• Paulo T. Vasconcellos

Deus é um Pai Ausente e a Criação é uma Mãe Dominadora.

"Mas Livrai-nos do mal, Amén."




As orações de origem semítica costumam trazer o encerramento "Amén", ou ainda locução "Amén, Selá". Ignorem, por favor, o uso do "n" no final da palavra: essa regra gramatical é típica do português.


"Amén" foi incorporado pelos Cristãos (que grosseiramente são o judaísmo rodinha-de-violão) e pelos Muçulmanos (que basicamente são o judaísmo adolescente skinhead numa fase complicada) e não tem uma tradução clara. Muitos traduzem como "é verdade", ou ainda "Assim Seja", o que não faz o mínimo sentido, e, oficialmente, portanto, tem seu sentido perdido nas areias do tempo.


O que ajuda na etimologia dessa palavra é que as línguas semíticas omitem as vogais. Amén, portanto, se escreveria como Aleph-Mem-Nun, ou, transliterando para o português, A-M-N.
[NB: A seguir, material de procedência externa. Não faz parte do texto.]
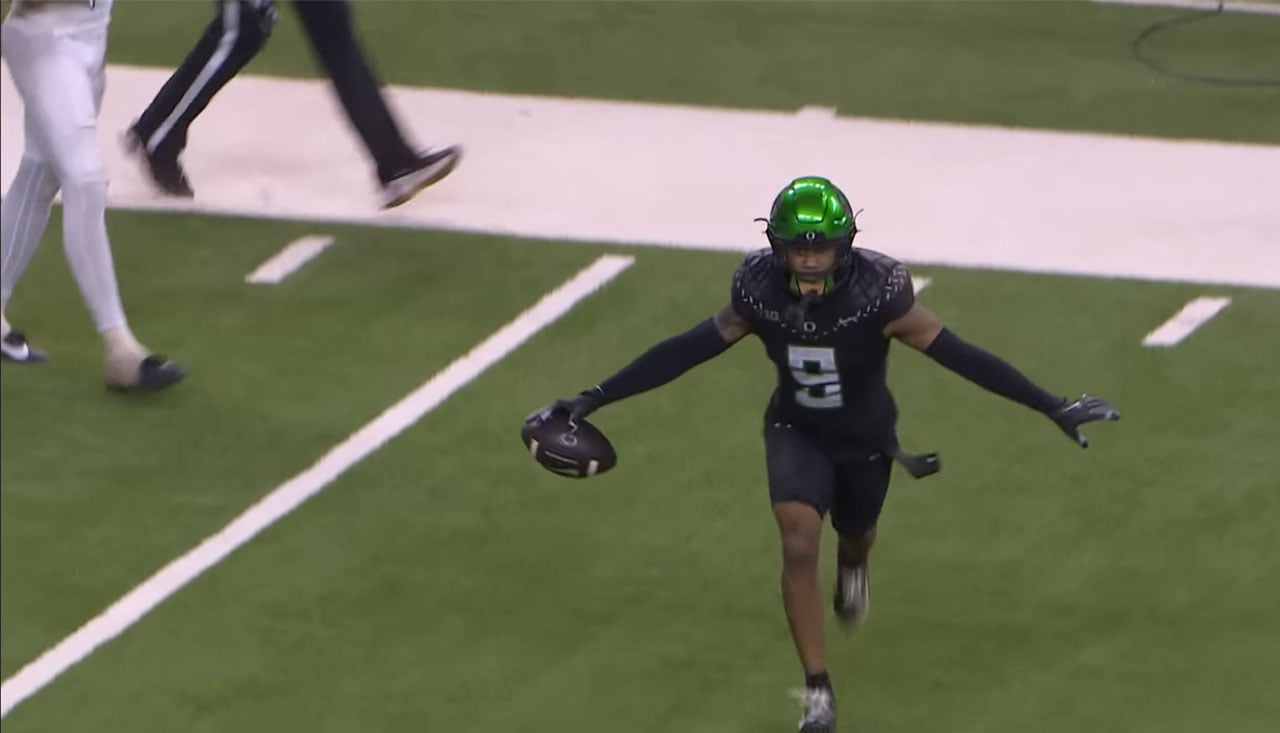 Oregon Ducks Reinforce Big 10 Spot With 130 Record After Penn State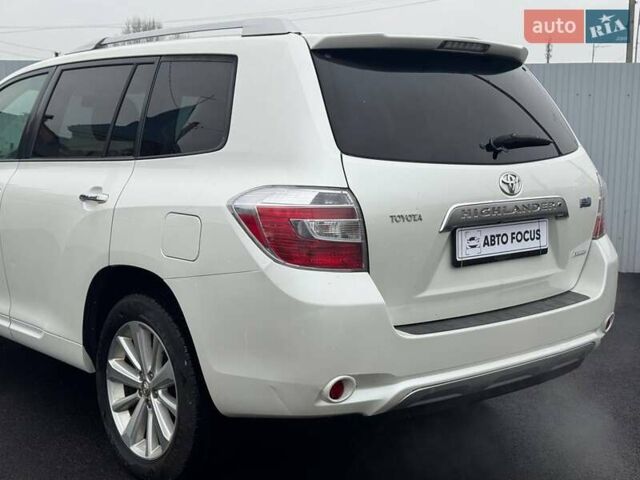 Белый Тойота Хайлендер, объемом двигателя 3.31 л и пробегом 418 тыс. км за 10490 $, фото 5 на Automoto.ua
Os Egípcios (de onde mitologicamente os Hebreus escaparam) tinham como "Deus Primordial" (em uma das vertentes, eu sei) Amon-Ra. Amon significando escondido ou oculto, Amon Ra seria o Sol Oculto. A Gnose Saturniana defende que Saturno seria esse Deus Oculto.


Considerando que quase metade dos mandamentos diz respeito a não ter imagem ou nome para a divindade e considerando que, pela cabala, o Criador "se retraiu" para criar espaço para a Criação, faz muito sentido que o judaísmo seja, na verdade, uma religião egípcia sem cabeças de animais e pirâmides maneiras.


"Amén, Selá" se traduziria então como "A Ti, Deus Oculto".


Obviamente existe certa simplificação: existem diversas fases do Egito, a reconstrução da teologia egípcia depende de textos em segunda mão (gregos especialmente) e descobertas arqueológicas (por definição imprecisas) e mesmo o judaísmo não é uniforme: houve uma notória "rodinhadeviolonização" do judaísmo depois que o Cristianismo começou a ganhar mercado.


A parte importante, porém, é que a figura da divindade fora da criação é bem difundida: Amon para os Egípcios, Amén para os Judeus, Bondieu para o Voodoo, Olorum para o Candomblé e Zervan Akarana para os Caldeus são os exemplos que me vêm à cabeça.


A grande ironia é que da tese de que o Demiurgo estaria fora da Criação adviria uma série de heresias divertidas.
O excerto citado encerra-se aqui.